Epistemology of the VO

From: Roy Williams <roy-at-cacr.caltech.edu>
Date: Sun, 30 May 2004 10:05:34 -0700


Please find below some Sunday morning musing on the different mindsets in the VO (I count four). Are there more or less? Does this analysis get us any closer to our goals? Does this text have a place in the architecture document? Roy



California Institute of Technology
roy-at-caltech.edu
626 395 3670

Epistemology of the Virtual Observatory

Here we consider ways of thinking of ourVO clients. They might come to the VO with one or more of the following mindsets, as described below: Hyper-spatial, Relational Table, Object Data Model, or Semantic.

In the VO, the Cone Search *request* is in this class -- although the Cone Search *response* is a table (next section). The Simple Image Access request is also in this "spatial" class, as is the Spectral Access.
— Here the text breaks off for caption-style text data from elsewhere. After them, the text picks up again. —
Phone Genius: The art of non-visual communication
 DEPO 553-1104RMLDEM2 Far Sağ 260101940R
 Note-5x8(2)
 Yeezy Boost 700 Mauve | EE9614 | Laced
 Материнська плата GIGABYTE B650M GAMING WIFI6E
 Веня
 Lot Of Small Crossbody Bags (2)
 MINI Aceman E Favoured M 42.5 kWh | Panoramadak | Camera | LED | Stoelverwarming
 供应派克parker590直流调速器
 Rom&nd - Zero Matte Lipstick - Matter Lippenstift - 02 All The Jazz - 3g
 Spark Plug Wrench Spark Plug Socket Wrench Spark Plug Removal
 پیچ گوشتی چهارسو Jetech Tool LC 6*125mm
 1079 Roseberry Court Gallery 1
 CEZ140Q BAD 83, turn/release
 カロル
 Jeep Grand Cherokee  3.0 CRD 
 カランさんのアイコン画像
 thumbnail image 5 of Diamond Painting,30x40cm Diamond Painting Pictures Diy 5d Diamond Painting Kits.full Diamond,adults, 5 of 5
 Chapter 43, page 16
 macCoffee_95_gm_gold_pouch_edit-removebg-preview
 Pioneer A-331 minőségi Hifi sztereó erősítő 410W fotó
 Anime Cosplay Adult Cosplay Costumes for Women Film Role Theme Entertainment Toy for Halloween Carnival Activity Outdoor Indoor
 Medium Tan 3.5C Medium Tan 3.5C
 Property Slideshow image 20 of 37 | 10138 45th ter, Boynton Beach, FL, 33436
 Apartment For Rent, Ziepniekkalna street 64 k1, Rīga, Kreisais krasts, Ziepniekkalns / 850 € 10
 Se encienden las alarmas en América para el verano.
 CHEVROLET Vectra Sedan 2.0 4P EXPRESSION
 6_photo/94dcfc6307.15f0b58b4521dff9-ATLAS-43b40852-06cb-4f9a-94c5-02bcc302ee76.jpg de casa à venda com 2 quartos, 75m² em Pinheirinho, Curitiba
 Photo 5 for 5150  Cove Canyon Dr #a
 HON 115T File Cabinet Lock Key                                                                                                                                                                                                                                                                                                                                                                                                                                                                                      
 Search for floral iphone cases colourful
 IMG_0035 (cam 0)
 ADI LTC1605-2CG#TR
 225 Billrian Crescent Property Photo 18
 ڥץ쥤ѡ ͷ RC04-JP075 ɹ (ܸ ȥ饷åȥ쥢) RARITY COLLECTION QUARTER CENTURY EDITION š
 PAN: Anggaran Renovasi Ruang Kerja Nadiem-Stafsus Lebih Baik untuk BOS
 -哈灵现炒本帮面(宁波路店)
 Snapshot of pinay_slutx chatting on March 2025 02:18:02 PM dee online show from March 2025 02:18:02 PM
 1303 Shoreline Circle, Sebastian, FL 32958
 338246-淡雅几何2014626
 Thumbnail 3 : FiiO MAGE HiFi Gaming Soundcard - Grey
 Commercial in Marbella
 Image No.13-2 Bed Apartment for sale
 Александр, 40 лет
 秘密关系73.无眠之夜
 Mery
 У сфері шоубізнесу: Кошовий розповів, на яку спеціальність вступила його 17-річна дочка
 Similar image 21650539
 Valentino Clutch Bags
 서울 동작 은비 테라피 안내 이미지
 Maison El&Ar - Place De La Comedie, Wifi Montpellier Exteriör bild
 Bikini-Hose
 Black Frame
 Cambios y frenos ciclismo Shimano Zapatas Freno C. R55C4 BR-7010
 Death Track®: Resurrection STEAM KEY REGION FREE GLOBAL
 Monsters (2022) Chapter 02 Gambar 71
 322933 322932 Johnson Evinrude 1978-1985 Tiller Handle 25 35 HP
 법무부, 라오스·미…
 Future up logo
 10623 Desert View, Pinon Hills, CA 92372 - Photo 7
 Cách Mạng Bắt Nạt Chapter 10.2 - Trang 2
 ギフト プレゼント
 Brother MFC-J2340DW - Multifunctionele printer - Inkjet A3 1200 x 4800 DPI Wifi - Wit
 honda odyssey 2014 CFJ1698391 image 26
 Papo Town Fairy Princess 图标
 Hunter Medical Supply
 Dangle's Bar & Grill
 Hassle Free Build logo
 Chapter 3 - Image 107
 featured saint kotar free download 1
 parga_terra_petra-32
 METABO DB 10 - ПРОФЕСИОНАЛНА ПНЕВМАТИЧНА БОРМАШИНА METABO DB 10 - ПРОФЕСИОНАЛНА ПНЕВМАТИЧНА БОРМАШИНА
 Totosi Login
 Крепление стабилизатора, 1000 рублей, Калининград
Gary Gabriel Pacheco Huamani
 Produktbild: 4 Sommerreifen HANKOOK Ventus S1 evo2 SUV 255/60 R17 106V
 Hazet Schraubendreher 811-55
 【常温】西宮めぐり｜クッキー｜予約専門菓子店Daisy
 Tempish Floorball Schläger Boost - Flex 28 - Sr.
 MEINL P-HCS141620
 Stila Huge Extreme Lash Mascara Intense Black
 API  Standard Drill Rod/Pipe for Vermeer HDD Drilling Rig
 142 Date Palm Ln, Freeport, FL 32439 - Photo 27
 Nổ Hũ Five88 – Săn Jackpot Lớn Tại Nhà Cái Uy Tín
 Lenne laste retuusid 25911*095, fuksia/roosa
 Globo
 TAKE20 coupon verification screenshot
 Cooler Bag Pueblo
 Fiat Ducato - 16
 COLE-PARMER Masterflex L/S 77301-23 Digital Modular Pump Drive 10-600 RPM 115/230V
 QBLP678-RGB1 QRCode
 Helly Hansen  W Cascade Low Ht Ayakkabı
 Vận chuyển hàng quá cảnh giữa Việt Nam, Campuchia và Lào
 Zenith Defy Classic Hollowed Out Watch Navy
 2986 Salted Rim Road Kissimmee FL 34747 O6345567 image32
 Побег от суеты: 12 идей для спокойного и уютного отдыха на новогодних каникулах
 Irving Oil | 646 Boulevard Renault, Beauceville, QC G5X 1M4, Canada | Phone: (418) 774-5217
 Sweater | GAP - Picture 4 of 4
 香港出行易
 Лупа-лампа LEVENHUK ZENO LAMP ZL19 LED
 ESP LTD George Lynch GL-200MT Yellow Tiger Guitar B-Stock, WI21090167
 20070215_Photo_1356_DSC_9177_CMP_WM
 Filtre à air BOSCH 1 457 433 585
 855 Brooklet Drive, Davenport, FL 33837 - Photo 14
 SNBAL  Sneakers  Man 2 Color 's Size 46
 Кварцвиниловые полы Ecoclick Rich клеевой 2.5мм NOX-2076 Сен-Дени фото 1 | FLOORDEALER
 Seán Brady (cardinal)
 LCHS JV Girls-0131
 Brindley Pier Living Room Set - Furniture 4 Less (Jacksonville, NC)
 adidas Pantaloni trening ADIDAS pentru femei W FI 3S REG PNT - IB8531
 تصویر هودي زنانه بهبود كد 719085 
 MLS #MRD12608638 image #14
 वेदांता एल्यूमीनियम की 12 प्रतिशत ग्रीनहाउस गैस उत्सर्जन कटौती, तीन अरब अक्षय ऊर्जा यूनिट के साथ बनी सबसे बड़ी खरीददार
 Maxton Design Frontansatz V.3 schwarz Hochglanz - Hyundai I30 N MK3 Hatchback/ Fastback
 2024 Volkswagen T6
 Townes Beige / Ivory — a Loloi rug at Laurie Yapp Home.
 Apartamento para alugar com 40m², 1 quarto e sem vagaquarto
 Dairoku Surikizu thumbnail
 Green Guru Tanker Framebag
Much of the visualization work uses the sky coordinates (RA, Dec) as its first guiding principle -- Aladin, Oasis, Image Cutout and Virtual Sky. There is work in the VO to build a schema that accurately defines spatial regions, leading to the VORegion standard that allows precise definitions of subsets of the (hyper)sky.

Queries are built as boolean combinations of predicates on the attribute names of the columns. The VO has built ADQL, a standard variant of SQL, and added extra features.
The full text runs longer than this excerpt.